Ces débuts sont encourageants, mais toutefois insuffisants pour donner de l’impact à l’initiative pour le moment. Angélique Robin ose : « C’est l’engagement de deux heures de son temps qui refroidit un peu ». Emmanuelle Gey poursuit : « C’est pourtant ce qui donne sens à notre démarche et il faut persévérer. La grande majorité des adhérents sont largement en positif en ce qui concerne leur investissement. Notre problème, c’est leur nombre ».

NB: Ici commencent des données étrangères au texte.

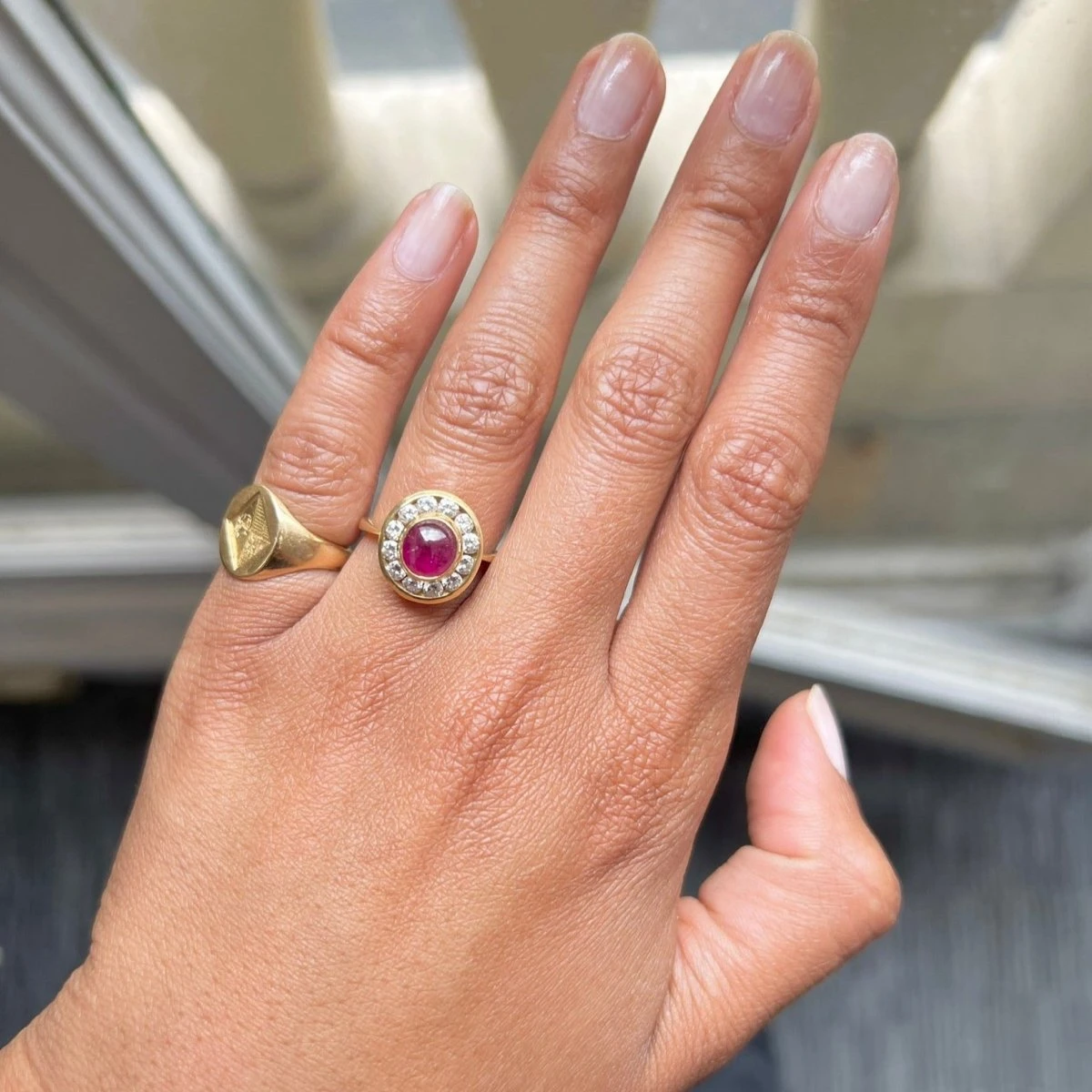 Bague Entourage En Or Jaune, Rubis Et Diamants 2 Bague Entourage En Or Jaune, Rubis Et Diamants – Image 2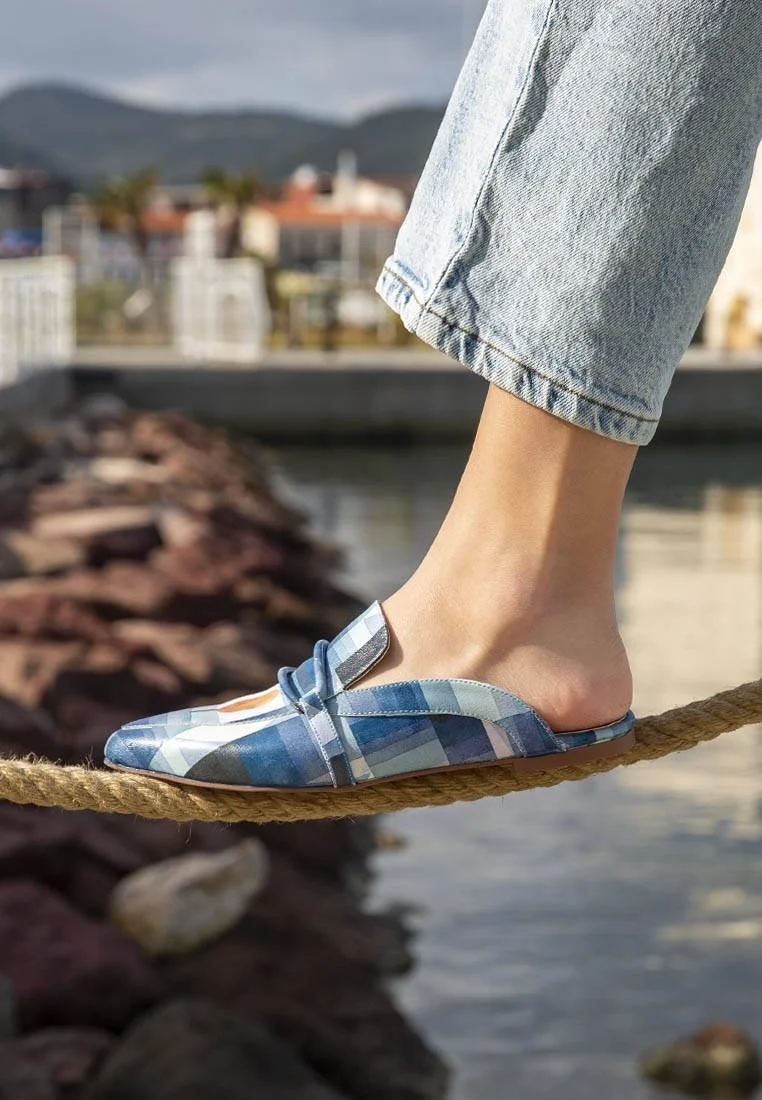 Femme Cuir Vegan Bleu Foncé Chaussons - Be Different Motif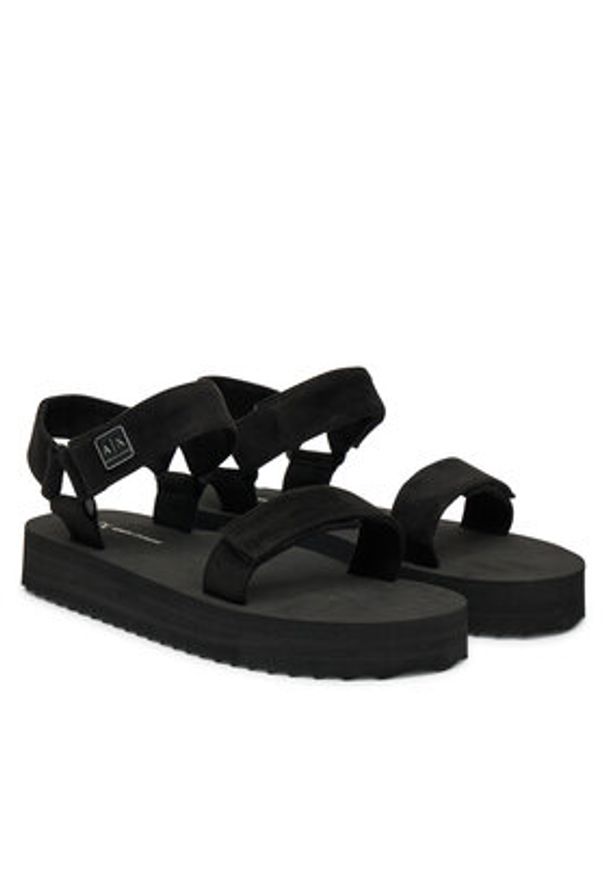 Armani Exchange Sandały XDP064 XV928 00002 Czarny. Kolor: czarny. Materiał: materiał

Alors l’équipe multiplie les actions pour booster la croissance de l’association. D’abord, elle a ouvert l’adhésion à l’épicerie à toutes les communes avoisinantes. Ensuite, elle entend enrichir son offre de produits pour répondre aux besoins du plus grand nombre. « S’ils trouvent ce qu’ils cherchent, les gens viendront plus facilement. Ils n’auront plus besoin d’aller au supermarché et de prendre la voiture tout le temps. Personnellement, j’aimerais des produits frais et d’hygiène », souffle David Crance, un habitant impliqué.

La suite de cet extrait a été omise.